Amanda Lindhout is a freelance contributor to the Red Deer Advocate, where the editorial department is represented by the Media and Communications Workers of Alberta (CWA Canada Local 30400).
Jack Wilson, an Advocate reporter and president of the union local, says that while Lindhout as a freelancer is not a member of the union, all of her colleagues at the daily newspaper are very concerned about her.
The International Federation of Journalists (IFJ) has called for the release of the three freelance journalists — Lindhout, Australian Nigel Brennan and Somali Abdifatah Mohammed Elmi and their driver, only named as Mahad.
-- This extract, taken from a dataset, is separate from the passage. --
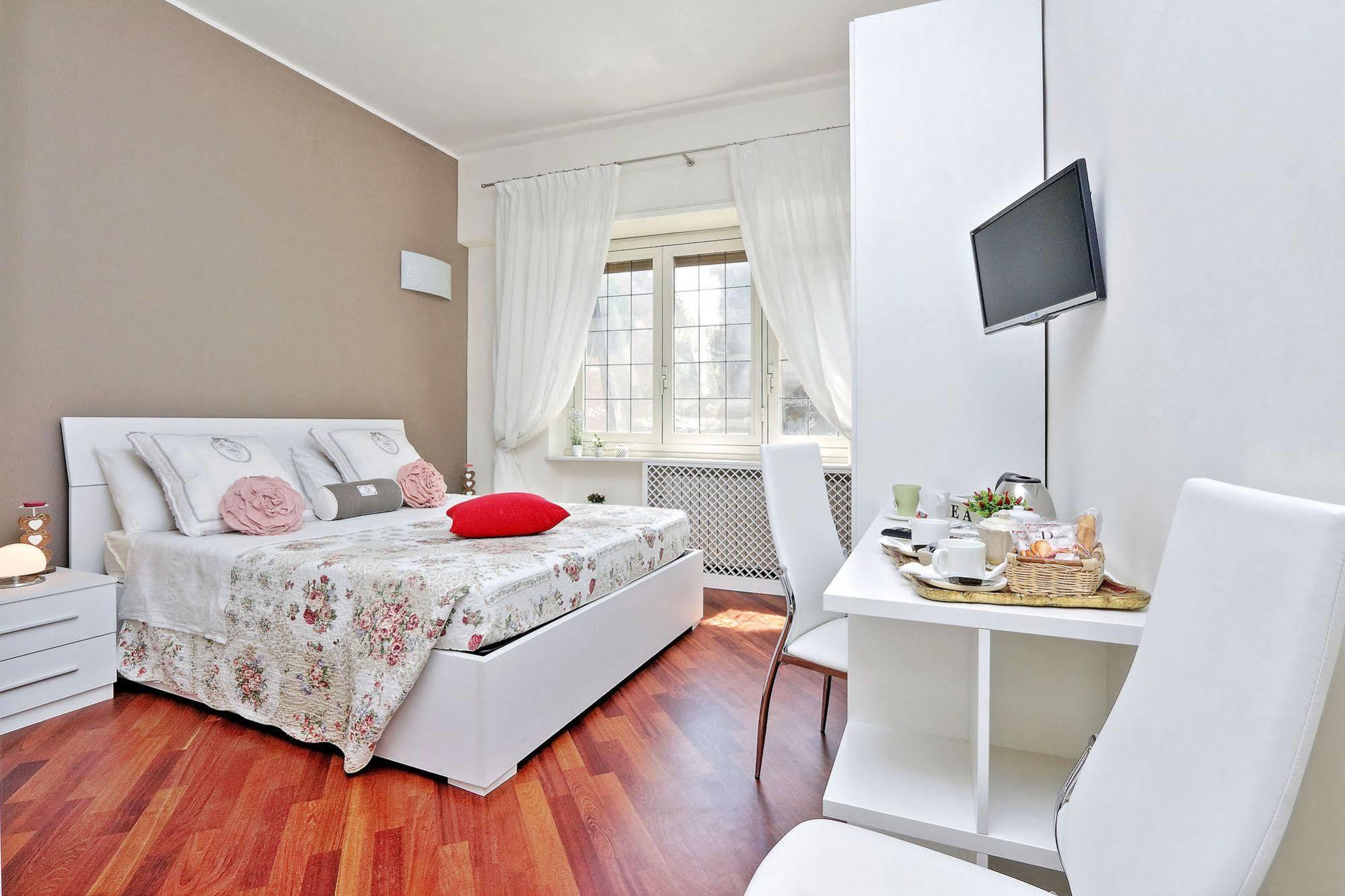 San Pietro Stazione 3* Rome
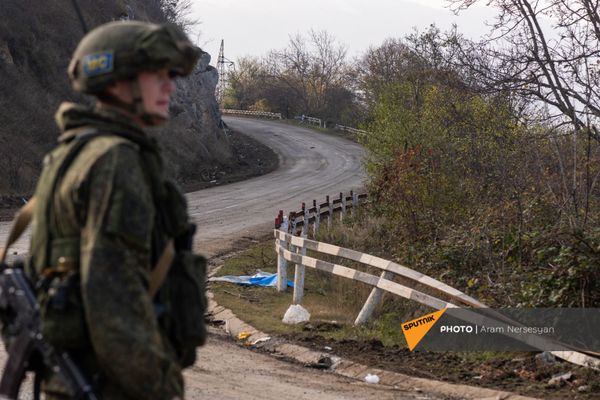 Блокпост российских миротворческих сил в Лачинском коридоре (17 ноября 2020). Карабах Блокпост российских миротворческих сил в Лачинском коридоре (17 ноября 2020). Карабах - Sputnik Армения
They were abducted on Saturday near the Somali capital, Mogadishu.
“This shocking incident underscores the terrible dangers and threats that continue to face journalists in Somalia,” said Gabriel Baglo, the director of the IFJ Africa office. “We call for them to be set free immediately. The Somali authorities must act urgently to see our colleagues come to no harm.”
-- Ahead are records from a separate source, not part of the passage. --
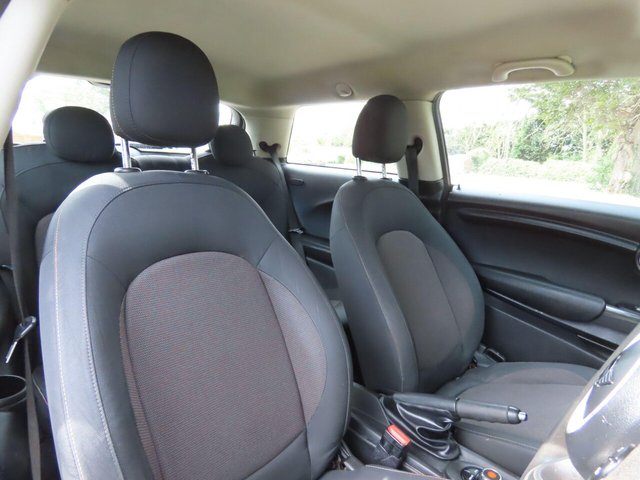 2019 MINI HATCH - Photo 10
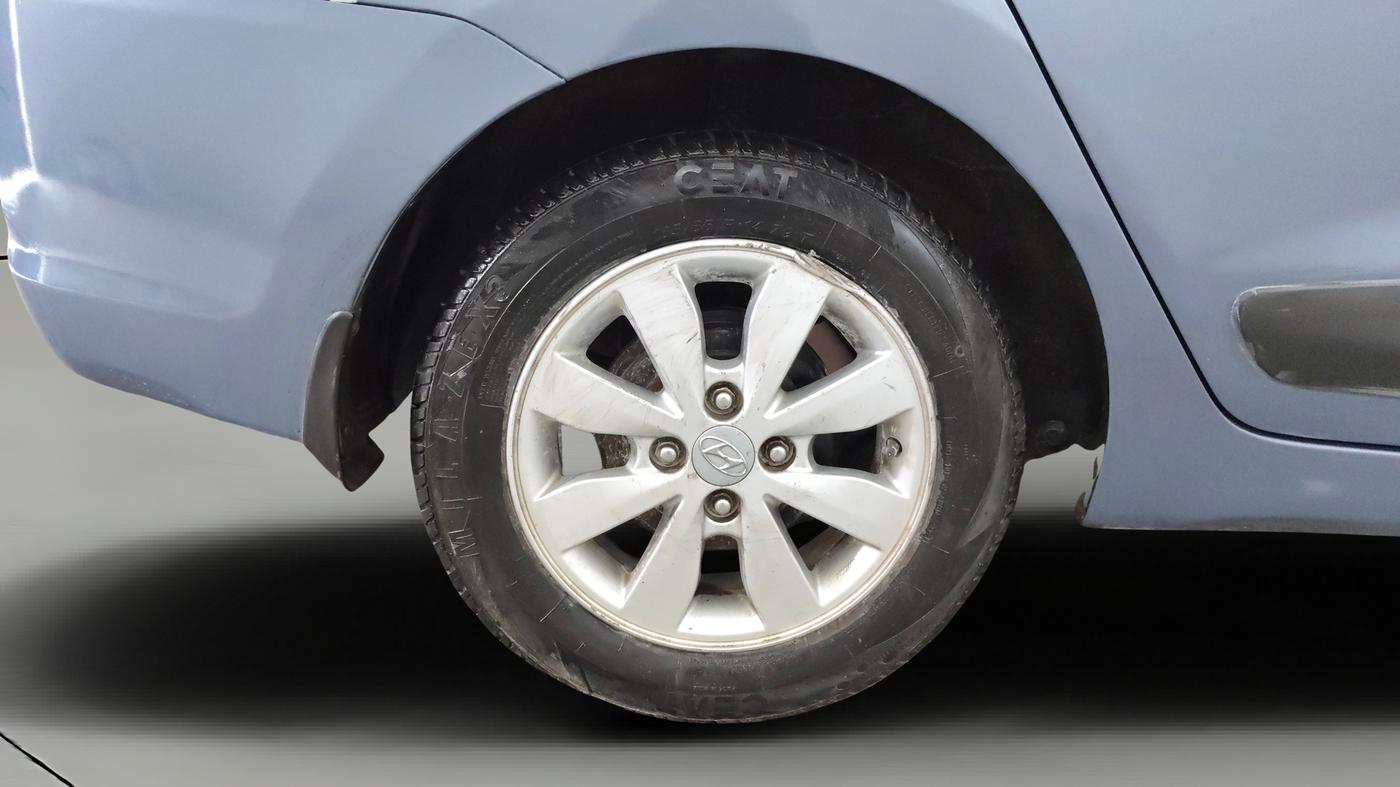 2015 Hyundai Xcent SX 1.2, Petrol, Manual, 43,667 km, Right Rear Wheel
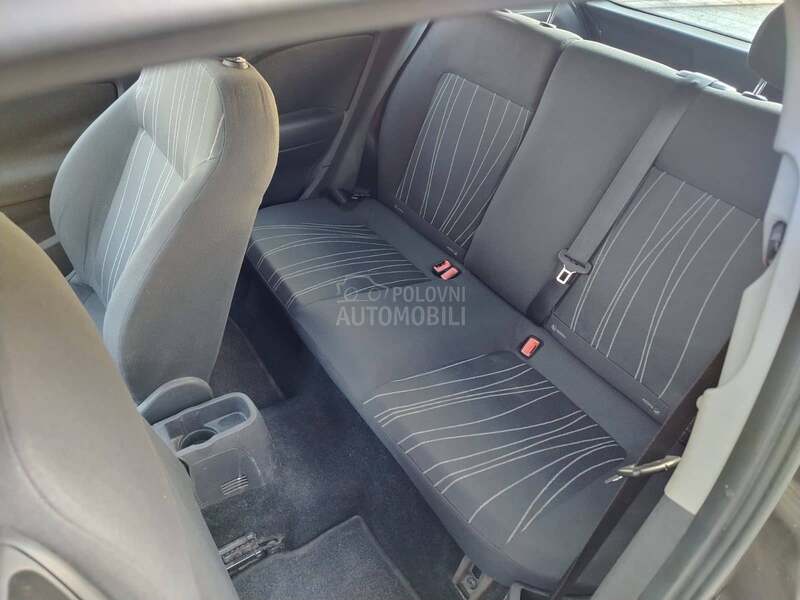 Opel Corsa D 1.3 mjet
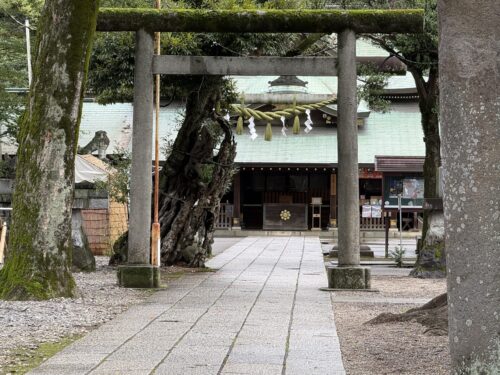 一言主神社の拝殿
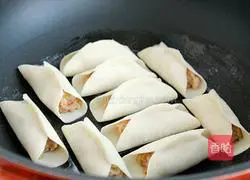 Illustration of how to make pork and green onion pot stickers 17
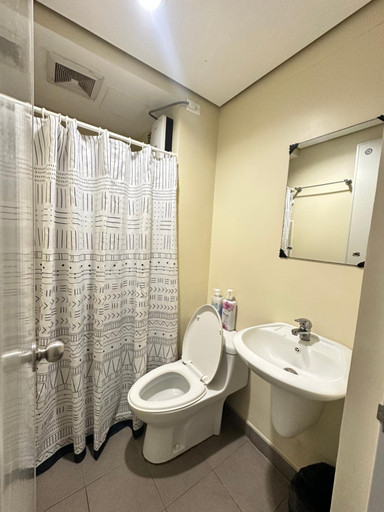 Bathroom 3, Avida Towers IT PARK Fast Wi-fi, Cebu City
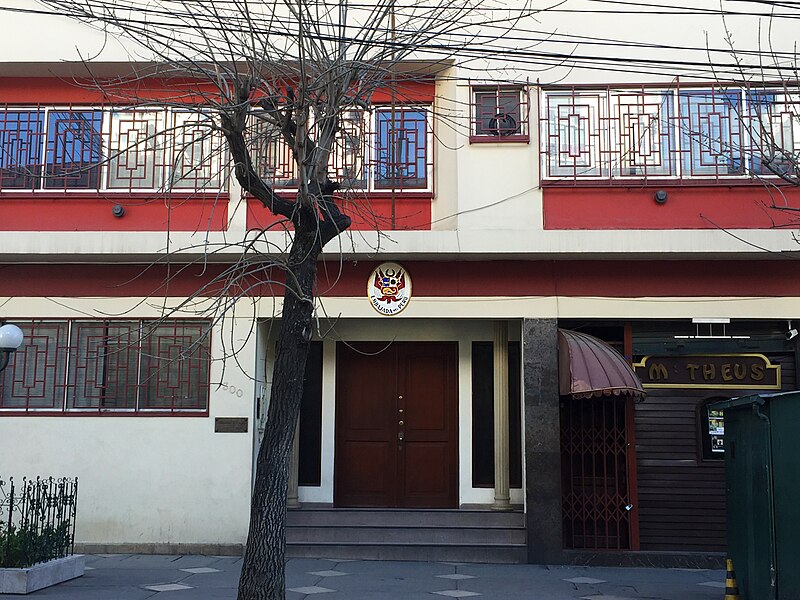 File:Embajada de Perú en La Paz, Bolivia.jpg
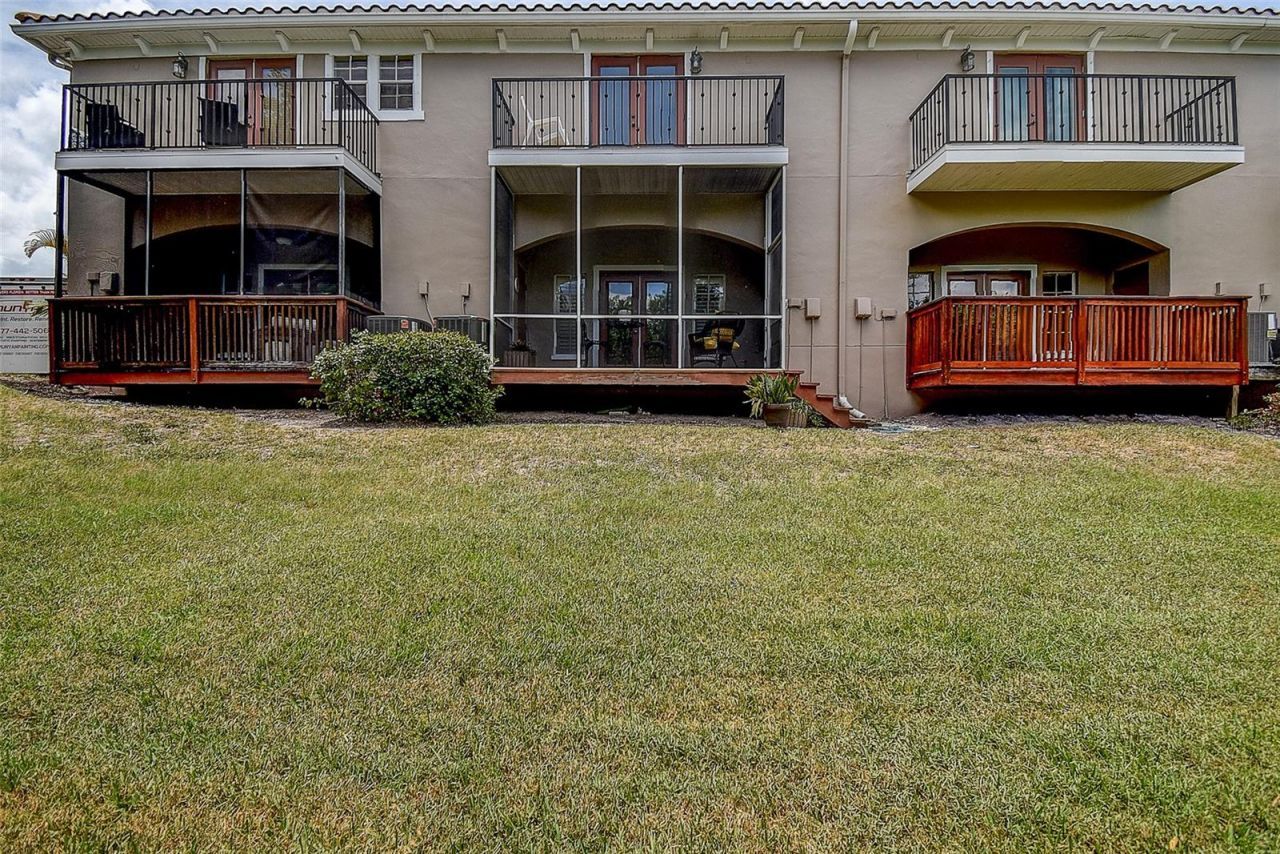 256 Valencia Circle, Saint Petersburg, FL 33716 Photo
Lindhout, 27, of Sylvan Lake, is a Baghdad-based journalist who has had significant experience reporting from the world’s trouble spots, including Iraq and Afghanistan. Currently touring Africa, she arrived in Somalia on Sept. 20 with Brennan, 37.
According to IFJ’s affiliate, the National Union of Somali Journalists (NUSOJ), Lindhout and Brennan, a longtime friend, were abducted as they travelled to Afgoye, 25 km from Mogadishu, to visit camps for refugees. Elmi was helping them as translator.
The union says that no claim has yet been made and the kidnappers have not been identified, which has added to concerns. “We are worried about their safety as we have had no contact with anybody saying they are holding the journalists and their driver,” said Omar Faruk Osman, the secretary general of NUSOJ.
In an e-mail exchange with CWA Canada director Arnold Amber, Osman said his group has “contacted all warring sides . . . (but) they are all giving us an answer that they are not responsible for the kidnapping.”
Osman told Amber that it wasn’t yet clear whether the abduction was for political or financial purposes. He noted that two Italian humanitarian aid workers who were kidnapped recently by a militia group were released after a ransom of US$1 million was paid.
Citing information from the Australian Department of Foreign Affairs, The Courier-Mail was reporting today that “negotiations between Somali authorities and the captors were under way.”
A spokeswoman for the department refused to identify the abductors. She told the newspaper that doing so would “set the situation back” and be counter-productive to “talks.”